(Beginning of Material provided)

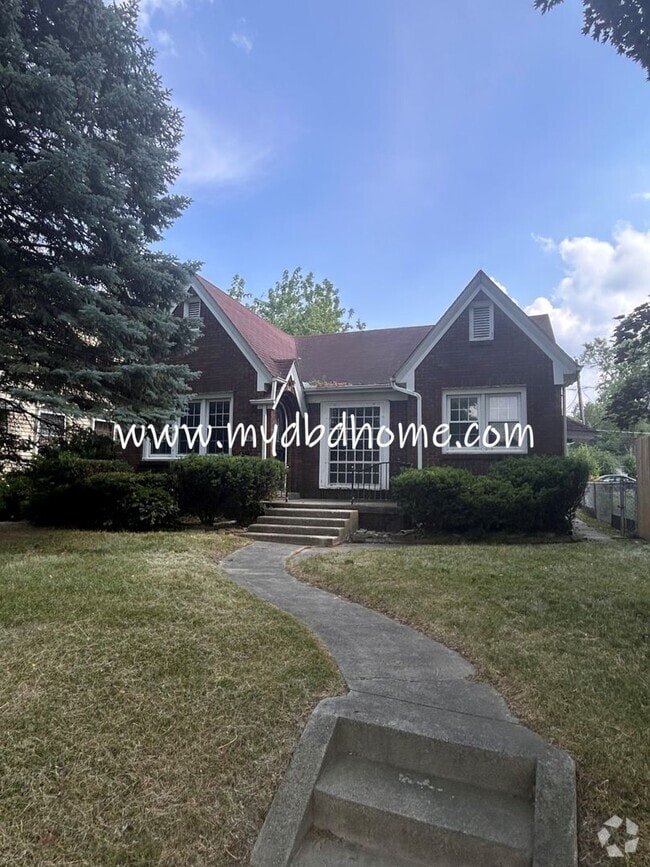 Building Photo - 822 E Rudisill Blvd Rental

(End of Material provided)
(Beginning of Material provided)

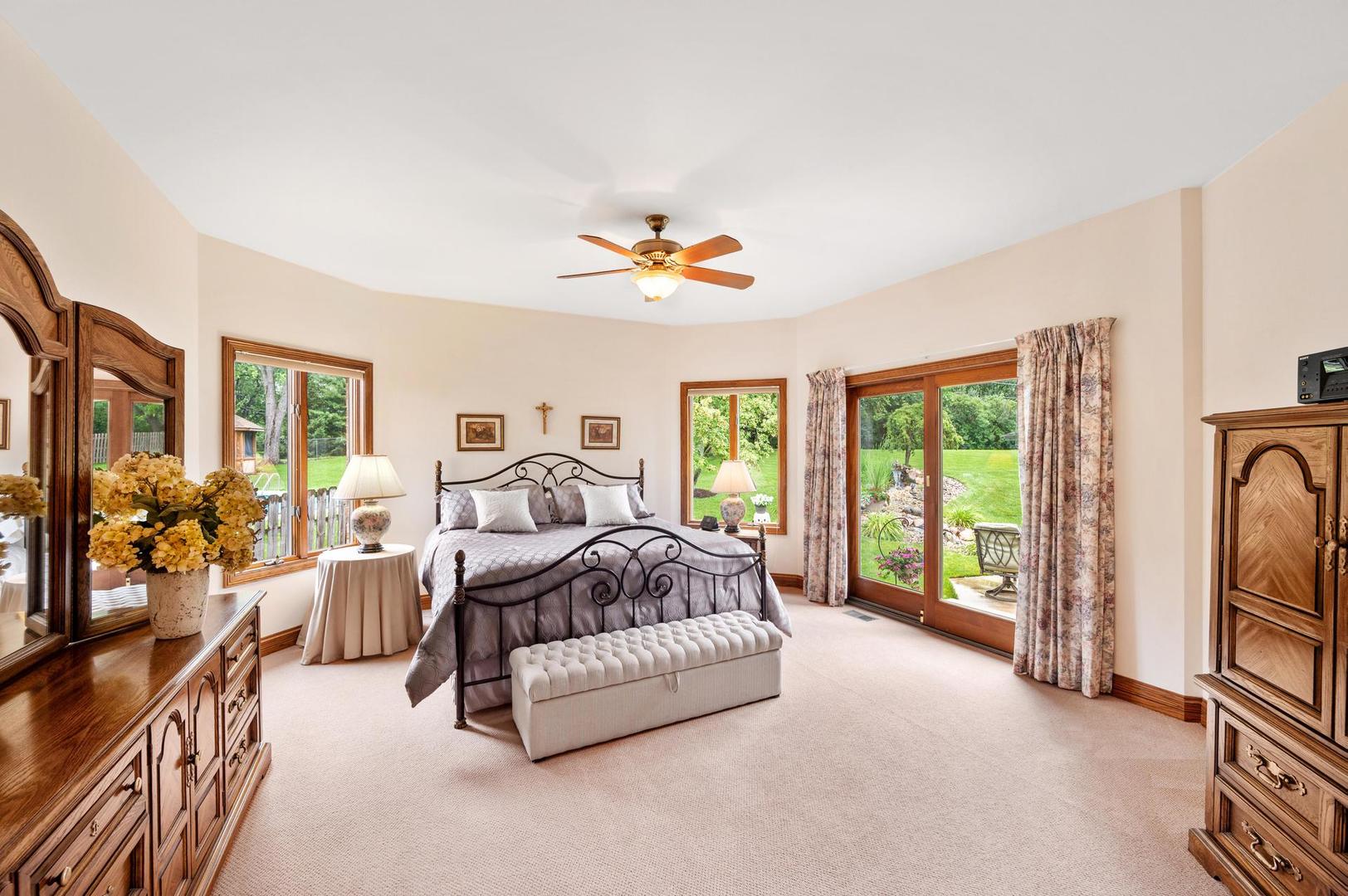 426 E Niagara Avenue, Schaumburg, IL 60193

(End of Material provided)
(Beginning of Material provided)

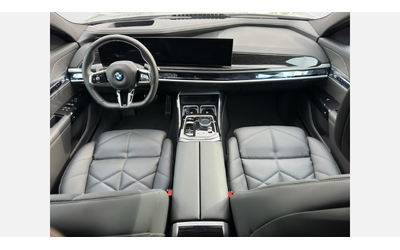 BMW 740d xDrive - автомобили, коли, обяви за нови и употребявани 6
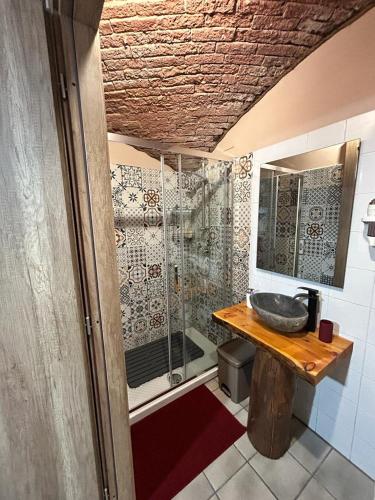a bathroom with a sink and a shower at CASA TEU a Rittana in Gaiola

(End of Material provided)

> **Required action**: Would you set down only the lines above from the line with "BMW 740d xDrive" to the line with "a bathroom with", both included, exactly as they stand and without the pictures?

> **Answer area**:
 BMW 740d xDrive - автомобили, коли, обяви за нови и употребявани 6
a bathroom with a sink and a shower at CASA TEU a Rittana in Gaiola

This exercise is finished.